With a rigorous and comprehensive coverage, the second edition of Compliant Mechanisms: Design of Flexure Hinges provides practical answers to the design and analysis of devices that incorporate flexible hinges. Complex-shaped flexible-hinge mechanisms are generated from basic elastic segments by means of a bottom-up compliance (flexibility) approach. The same compliance method and the classical finite element analysis are utilized to study the quasi-static and dynamic performances of these compliant mechanisms. This book offers easy-to-use mathematical tools to investigate a wealth of flexible-hinge configurations and two- or three-dimensional compliant mechanism applications.

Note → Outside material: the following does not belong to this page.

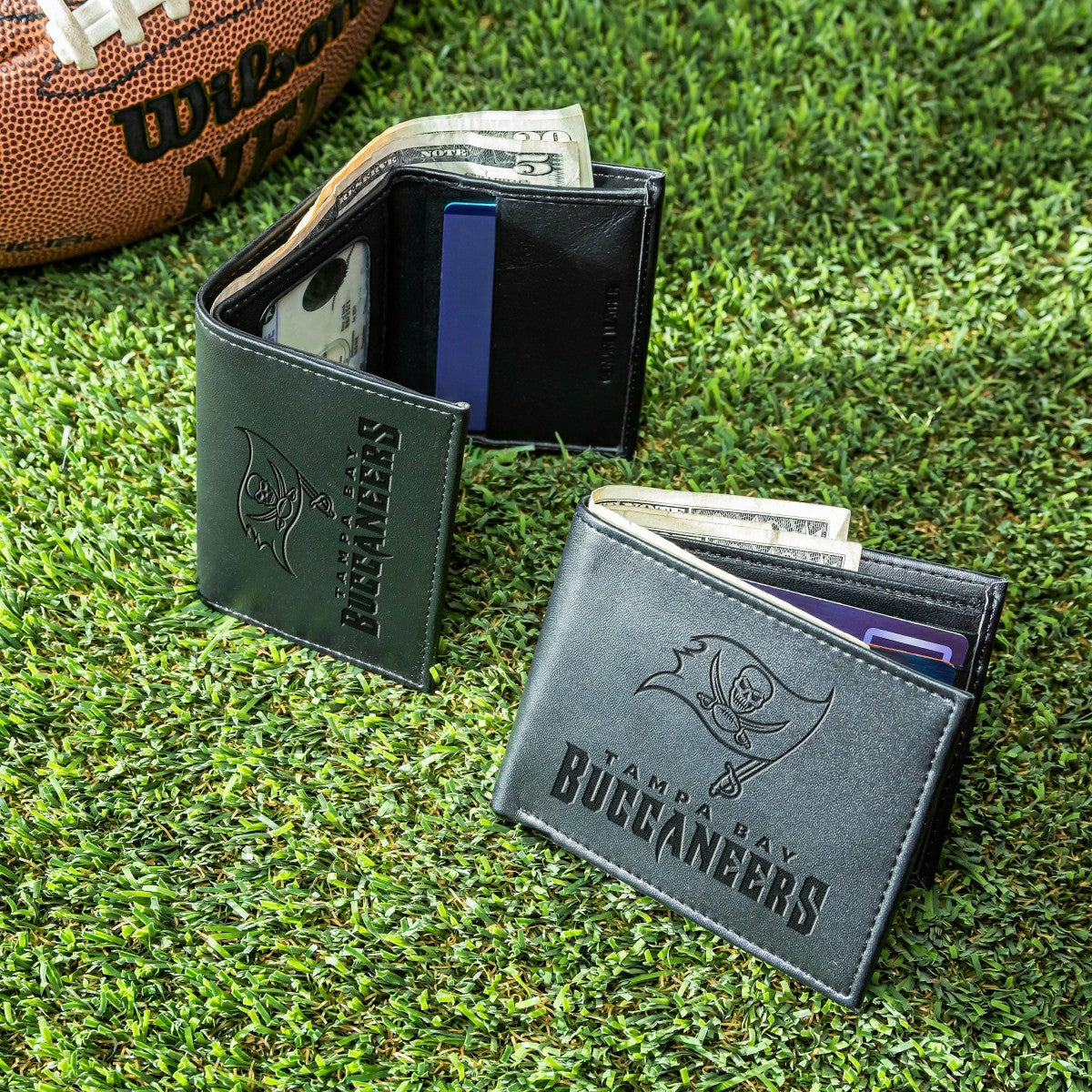 Tampa Bay Buccaneers, Bi-Fold and Tri-Fold Wallet Gift Set, Black - NFL Home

- Introduces a bottom-up compliance-based approach to characterize the flexibility of new and existing flexible hinges of straight- and curvilinear-axis configurations
- Develops a consistent linear lumped-parameter compliance model to thoroughly describe the quasi-static and dynamic behavior of planar/spatial, serial/parallel flexible-hinge mechanisms
- Utilizes the finite element method to analyze the quasi-statics and dynamics of compliant mechanisms by means of straight- and curvilinear-axis flexible-hinge elements
- Covers miscellaneous topics such as stress concentration, yielding and related maximum load, precision of rotation of straight- and circular-axis flexible hinges, temperature effects on compliances, layered flexible hinges and piezoelectric actuation/sensing
- Offers multiple solved examples of flexible hinges and flexible-hinge mechanisms.

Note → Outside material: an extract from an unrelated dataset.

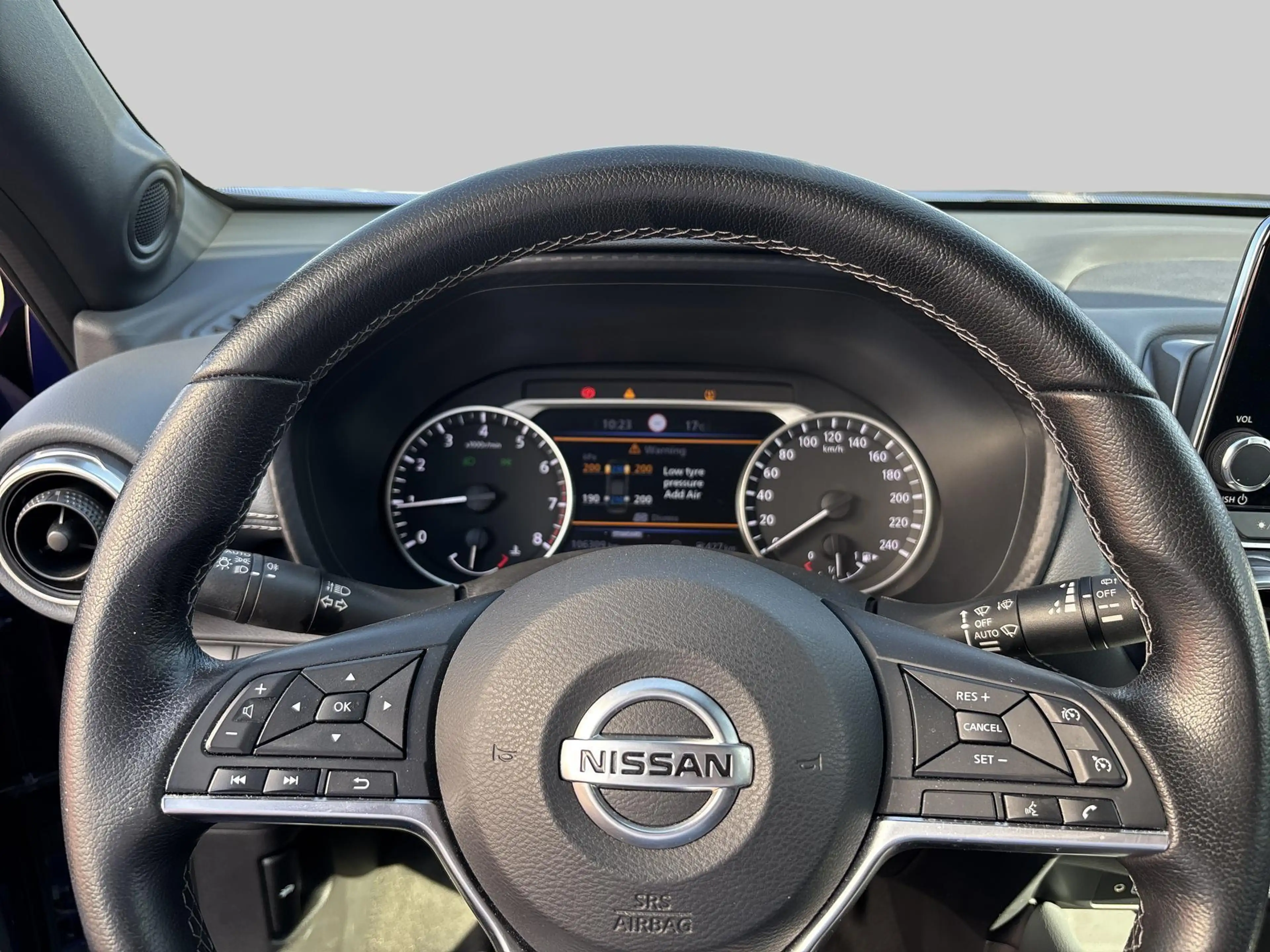 Nissan Juke 1.0 DIG-T N-Connecta — photo 12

This book should serve as a reference to students, researchers, academics and anyone interested to investigate precision flexible-hinge mechanisms by linear model-based methods in various areas of mechanical, aerospace or biomedical engineering, as well as in robotics and micro-/nanosystems.
Table of Contents
Chapter 1 Introduction Chapter 2 Compliances of Basic Flexible-Hinge Segments Chapter 3 Compliances of Straight-Axis Flexible Hinges Chapter 4 Compliances of Curvilinear-Axis Flexible Hinges Chapter 5 Quasi-Static Response of Serial Flexible-Hinge Mechanisms Chapter 6 Quasi-Static Response of Parallel Flexible-Hinge Mechanisms Chapter 7 Dynamics of Flexible-Hinge Mechanisms Chapter 8 Finite Element Analysis of Flexible-Hinge Mechanisms Chapter 9 Miscellaneous Topics
Nicolae Lobontiu is Professor of Mechanical Engineering at the University of Alaska Anchorage, USA. Dr. Lobontiu’s research interests for the last two decades have focused on flexure/flexible hinges and macro/micro-scale hinge-based compliant mechanisms. He has published several journal papers on these research topics and is the author of four other books: System Dynamics for Engineering Students – second edition, Dynamics of Microelectromechanical Systems, Mechanical Design of Microresonators, and Mechanics of Microelectromechanical Systems (with E. Garcia). Professor Lobontiu’s teaching background includes courses in dynamics of systems, controls, mechanical vibrations, finite element analysis, dynamics, and mechanics of materials.